In any case, as selfish as this is, this sentiment you're expressing provides some comfort that I'll be in demand when I enter the job market. :P Though if you really want to implement and apply some simple yet useful algorithms he recommends Programming Collective Intelligence at the end of the article and I can definitely second that recommendation.
(I'll warn you that a lot about the book is very dated now)
First off thanks for writing the book. It was the first book recommended to me for ML while I was doing my undergrad and it got me using ML as opposed to studying ML. The book opened my eyes to the fact that I really could do these things, and it definitely played a role in influencing me to pursue my MSc in AI. So again, thank you. :)
Secondly I'll agree that the book is most definitely dated at this point though it provides a survey of quite a broad selection of algorithms. It certainly isn't going to put the reader on the cutting edge or anywhere near it but it will get them started which appears to be the hardest part for some of those participating in this comment thread.
Have you considered a second edition?
When were talking about applied machine learning it is generally in the context of developing a product, a feature. The most important part is going from data to feature, not necessarily squeezing the last few percentage points of performance. In this context getting a good answer easily is more important than getting the best answer.
Anyway, my math is not that great and I'm way out of practice when it comes to theoretical work. Not only that, I suck at algorithm design and I'm at best a moderately decent developer from a theory standpoint.
But applied machine learning came natural, because I have a strong grasp of frequentist and Bayesian statistics as well as solving the problems backwards. If you try to apply ML or any other "exotic" solution by starting with "oh man here is this awesome technique," you will definitely be frustrated; I know that feeling all too well.
ML is just another tool in the shed. With practice, you start to understand where simple linear regression techniques are useful and when more heavy-duty methods are applicable. Keep solving real world problems rather than trying to look for stuff to hit with your new hammer (ML in this case) and I bet you'll come around a lot quicker.
Although in my opinion using ML and have some decent results is not that hard. Use it and being close to the state in the art (i.e improving your recognition rate from 65% to 80%) is a completely different matter and it is hard and it requires a fully understanding of the details of the algorithm in use.
Still it doesn't meant that you can't do interesting things with an overall understanding of machine learning, but making a good cat detector is hard  
My take is that 'applying' machine learning is much easier than one would think, but 'understanding' machine learning is _much_ harder than one would think.

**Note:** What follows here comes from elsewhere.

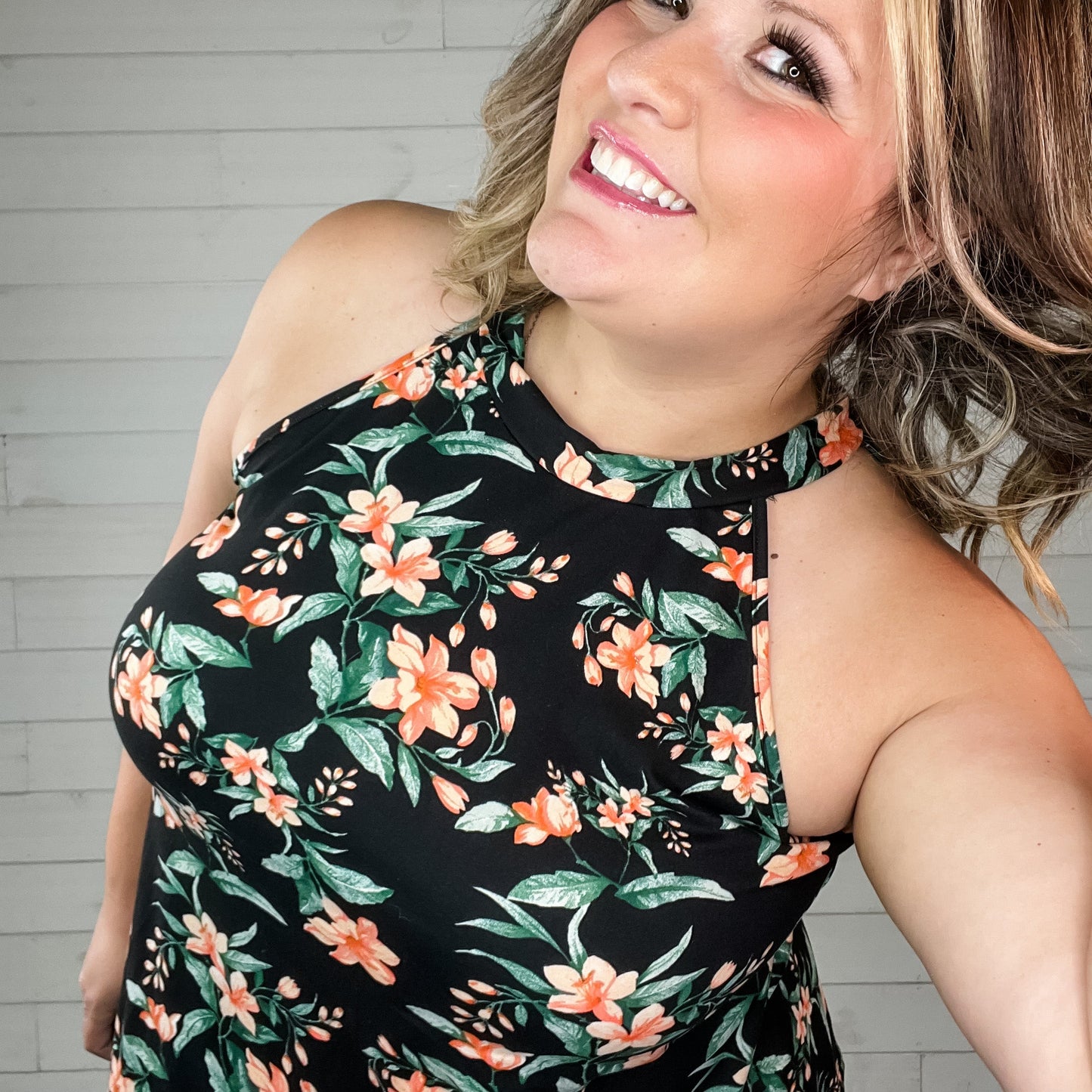"Second Chance" Floral Halter Tank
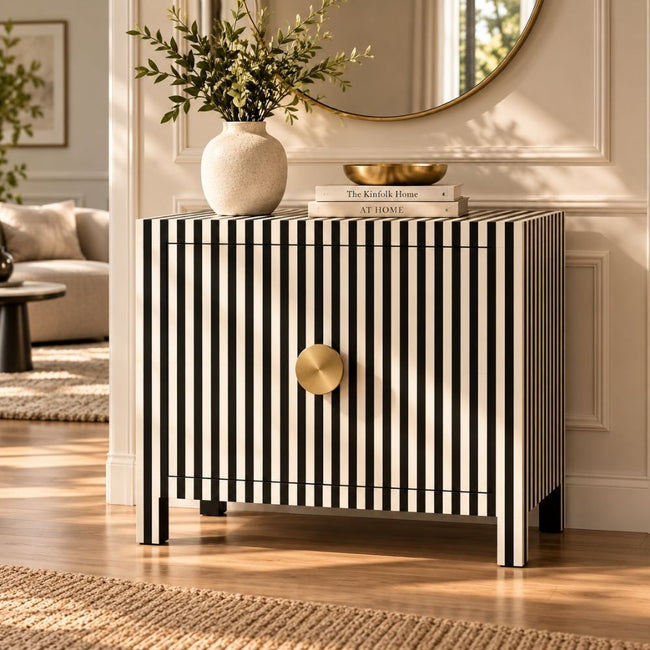 Mehfil Bone Inlay Black & White 2 Door Cabinet with Brass Handles Hover Image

I imagine most people start with an application - that's why they're interested in the first place. Applying an ML algorithm to a given dataset is trivial - only a few lines in R/Python with scikits-learn, etc. There's even a handy cheat-sheet  to tell you which algorithm to use. Your regression model spits out a few parameters, some estimates of quality of fit, maybe some pretty graphs, and you can call it a day.
The next stage is implementation - up until now, the black box has been spitting out parameters, and you want to understand what these numbers actually are and how they are determined. This means getting your hands dirty with the nitty-gritty of ML algorithms - understanding the algorithms statistical basis, understanding the computational performance of the algorithms (as you alluded to), and reading textbooks/journal articles. Many of these algorithms have a simple 'kernel' of an idea that can be obscured by a lot of mathematical sophistication - For SVM, the idea of finding a plane that separates your data as much as possible, logistic regression is just finding the line of best fit in logit space, k-means is just of repeatedly assigning points to clusters then updating clusters, etc.
It's not _that_ difficult to get working implementations of these algorithms (although debugging an incorrect implementation can be frustrating). You can implement simple versions of gradient boosting machines - a theoretically sophisticated technique that often works very well in practice - in around 100 lines of Python  or Go . You can get implement Hopfield networks (a basic neural network for unsupervised learning) in Julia  and Haskell  without much trouble either.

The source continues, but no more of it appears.